Читаем Наплывы времени. История жизни полностью

Когда мы ехали с Ингой домой, я вспомнил о Рузвельте — его кончина тоже была неожиданна, но это был шок совсем иного рода. Рузвельт настолько доминировал в сознании моего поколения, что оставалось гадать, кто сможет занять его место в разгар войны. Журналисты, вещая по радио, что кортеж спускается вниз по Пенсильвания-авеню, вдруг начинали беспомощно всхлипывать, как будто потеряли отца. Та потеря казалась сокровеннее, а может, я просто был моложе тогда. С другой стороны, Кеннеди был моим современником, и его смерть оказалась дырой в тонкой паутине будущего. Даже в тридцатые, когда все было из рук вон плохо, и то оставалось будущее. Поэтому во всех моих пьесах было некое скрытое упование на будущее искупление, чувство, что космос все-таки заботится о человеке, а не только смеется над ним. Со смертью Кеннеди космос просто оборвал телефонную связь.

В памяти сохранилось воспоминание о бале по случаю его вхождения в должность президента, где я присутствовал вместе с Джо и Оли Раухами. Франку Синатре с сопровождавшими его лицами была отведена ложа, откуда он наблюдал за празднеством. Отдыхая в величественной изоляции, паря в недосягаемости над возбужденной толпой, Синатра, казалось, не столько отдавал должное президентским почестям, сколько показывал, что по случаю снизошел до них. Певец на все времена, он точно так же вел себя с Рональдом Рейганом, с королевским достоинством пребывая над политикой, в то время как президенты приходили и уходили. Разве это не означало, что бизнес в Америке не только бизнес, как утверждал наивный Калвин Кулидж, но шоу-бизнес, некое символическое действо, наступивший триумф метафоры над реальностью, главенство исполнителя с его безупречным и бессмысленным очарованием?
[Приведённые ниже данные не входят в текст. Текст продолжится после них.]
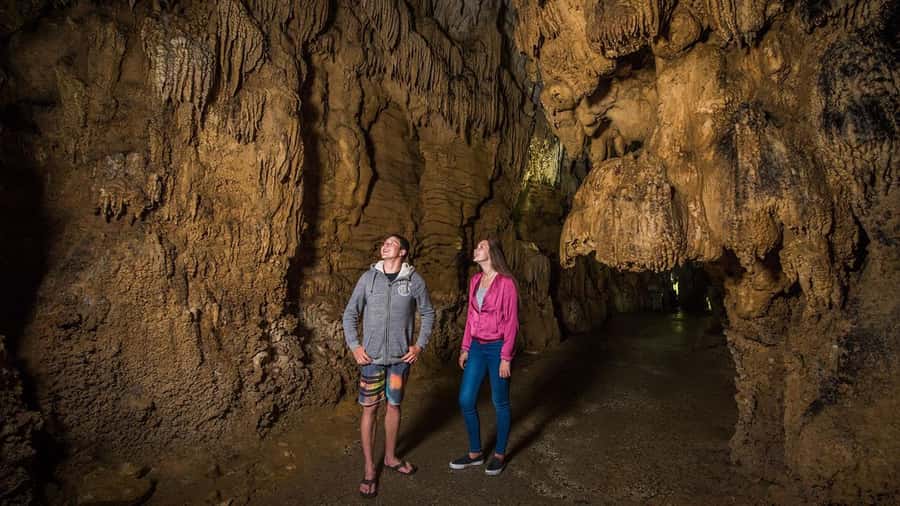 Auckland: Hobbiton, Waitomo Caves, and Rotorua 1-Way Tour - Price and Value: Is $256 a Good Deal for Three Major Stops?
Возможно, мне не хватало почтения, поскольку я помнил Синатру тридцатых, худощавого парнишку с цыплячьей шеей в окружении визгливых девчонок у входа на сцену в «Парамаунте», когда к нему пришел его первый сенсационный успех. К тому же мы были одного возраста.

Трудно понять почему, но желание написать пьесу подтачивало какое-то странное ощущение бесцельности. Не знаю, виновата в этом эпоха или мое собственное развитие, но стоило оглянуться, и казалось: все вокруг театр, а не вдохновляющая конкретная реальность. Практически все — пьесы, универмаги, рестораны, выставленные рядком ботинки, машины, парикмахерские — воспринималось как предмет анализа, как будто стало самоосознанной формой искусства и, как в искусстве, стиль был вещью, а не содержанием. В конце концов человек, идя в ресторан, не просто выбирает место, где бы сытно поесть, но хочет удовлетворить свои гурманские наклонности и получить хорошее обслуживание. Точно так же новые башмаки покупают исходя не только из их прочности или удобства, но следуя моде. То, что какая ни есть пьеса обязательно должна была затрагивать вопрос человеческой судьбы, казалось смехотворной самонадеянностью, что проявлялось в отношении вообще ко всем ценностям. Считалось, на театре установилась эпоха, когда главное лицо — режиссер, а драматург лишь его заместитель. Не с этим ли было связано, что важен не смысл сказанного, а то, как это представлено? Само существование драматурга было поставлено под сомнение, как будто со своими заранее запрограммированными речами и сюжетами, предполагавшими определенную логику построения, он был олицетворением теории предопределения. Один критик-авангардист ничтоже сумняшеся объявил, что намного труднее написать хороший отзыв, чем хорошую пьесу. Правду можно было обрести только спонтанно. Разум был врожденным лжецом, а слова — убедительными обманщиками. Жест, по предпочтению без слов, был последним пристанищем правды. Но даже здесь она была лишь предпосылкой для всевозможных интерпретаций, которых чем больше, тем лучше.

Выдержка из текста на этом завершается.